Заговор «Аквитания» - Роберт Ладлэм
Шрифт:
Интервал:
Закладка:
– Это безумие, – прошептал он.
– Мне это ни о чем не говорит.
– Естественно, – извиняющимся тоном произнес Биль, снова поворачиваясь к Конверсу. – Это говорит о размахе. Просто невероятно…
– Я вас не понимаю.
– Аквитания… Да, именно Аквитанией называл ее Юлий Цезарь… Так именовались южные области Франции, которые в первые столетия после Рождества Христова простирались от Атлантического побережья до Средиземного моря. На севере они доходили до устья Сены и тянулись западнее Парижа…
– Я кое-что слышал об этом, – прервал его Джоэл, не желая выслушивать академическую лекцию.
– Весьма похвально, ибо большинство людей знают только о более поздних временах, скажем, начиная примерно с восьмого века, когда Карл Великий завоевал эту область и создал там королевство Аквитания, унаследованное затем его сыном Людовиком и его сыновьями – Пепином Первым и Вторым. Именно этот период и события последующих трех столетий представляют для нас интерес.
– Какой?
– Так создавалась легенда об Аквитании, мистер Конверс. Подобно многим амбициозным генералам, Делавейн, подражая Цезарю, Наполеону, фон Клаузевицу и даже генералу Паттону, считает себя знатоком истории. Заслуженно или нет, но я считался одним из знатоков ее, он же – всего лишь жалкий школяр. Школярство склонно к поспешным, бездоказательным выводам. И в данном случае мы видим результаты.
– О чем это вы?
– Легенда об Аквитании весьма противоречива, и всякие “А что, если бы…”, которые раздаются все чаще и чаще, в конце концов приводят к полному искажению известных нам исторических фактов.
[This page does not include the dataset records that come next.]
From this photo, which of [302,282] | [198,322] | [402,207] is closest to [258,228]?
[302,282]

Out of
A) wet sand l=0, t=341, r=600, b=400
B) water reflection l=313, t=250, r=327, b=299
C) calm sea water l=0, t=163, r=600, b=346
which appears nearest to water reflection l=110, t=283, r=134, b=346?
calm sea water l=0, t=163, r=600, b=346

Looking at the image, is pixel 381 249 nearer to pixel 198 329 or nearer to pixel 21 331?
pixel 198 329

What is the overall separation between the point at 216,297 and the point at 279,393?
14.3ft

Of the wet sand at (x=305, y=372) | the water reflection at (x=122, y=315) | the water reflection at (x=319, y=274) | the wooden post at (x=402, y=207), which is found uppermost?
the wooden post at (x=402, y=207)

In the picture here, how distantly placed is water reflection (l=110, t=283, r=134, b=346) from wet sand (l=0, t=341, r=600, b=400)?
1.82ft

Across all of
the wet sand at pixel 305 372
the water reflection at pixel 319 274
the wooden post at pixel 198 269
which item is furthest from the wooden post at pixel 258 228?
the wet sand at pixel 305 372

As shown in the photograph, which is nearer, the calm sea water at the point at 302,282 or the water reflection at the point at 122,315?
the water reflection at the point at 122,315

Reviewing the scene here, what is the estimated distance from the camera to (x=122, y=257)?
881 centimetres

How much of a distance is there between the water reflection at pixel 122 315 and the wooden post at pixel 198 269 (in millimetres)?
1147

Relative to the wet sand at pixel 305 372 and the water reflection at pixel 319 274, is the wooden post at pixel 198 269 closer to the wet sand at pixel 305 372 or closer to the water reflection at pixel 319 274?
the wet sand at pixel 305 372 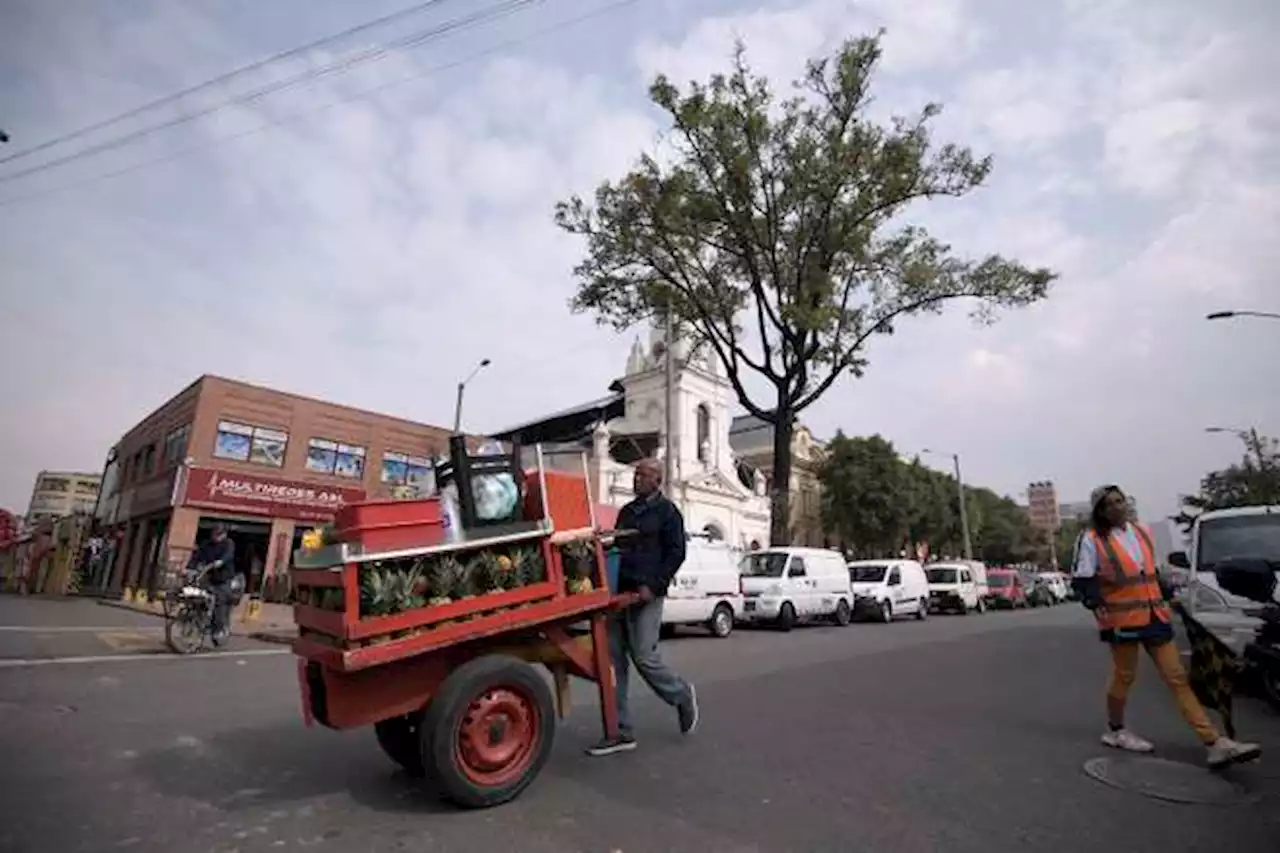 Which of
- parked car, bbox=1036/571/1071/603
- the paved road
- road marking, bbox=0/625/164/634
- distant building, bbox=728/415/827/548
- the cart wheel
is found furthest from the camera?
distant building, bbox=728/415/827/548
Видите ли, Аквитания в ходе ее истории то неоправданно расширялась, то вдруг съеживалась до крохотных размеров, и переходы эти бывали весьма резкими. Короче говоря, наделенный воображением школяр мог бы прийти к выводу, что, не будь политических, матримониальных или военных просчетов Карла Великого, его сына, двух Пепинов, а затем – Людовика Седьмого Французского и Генриха Второго Английского, которые оба были женаты на любвеобильной Элеоноре, Аквитания подчинила бы себе большую часть Европы, а то и полностью поглотила бы ее… – Биль помолчал. – Теперь-то вы начинаете понимать? – спросил он. – Понимаю, – прошептал Джоэл. – Господи, теперь мне понятно.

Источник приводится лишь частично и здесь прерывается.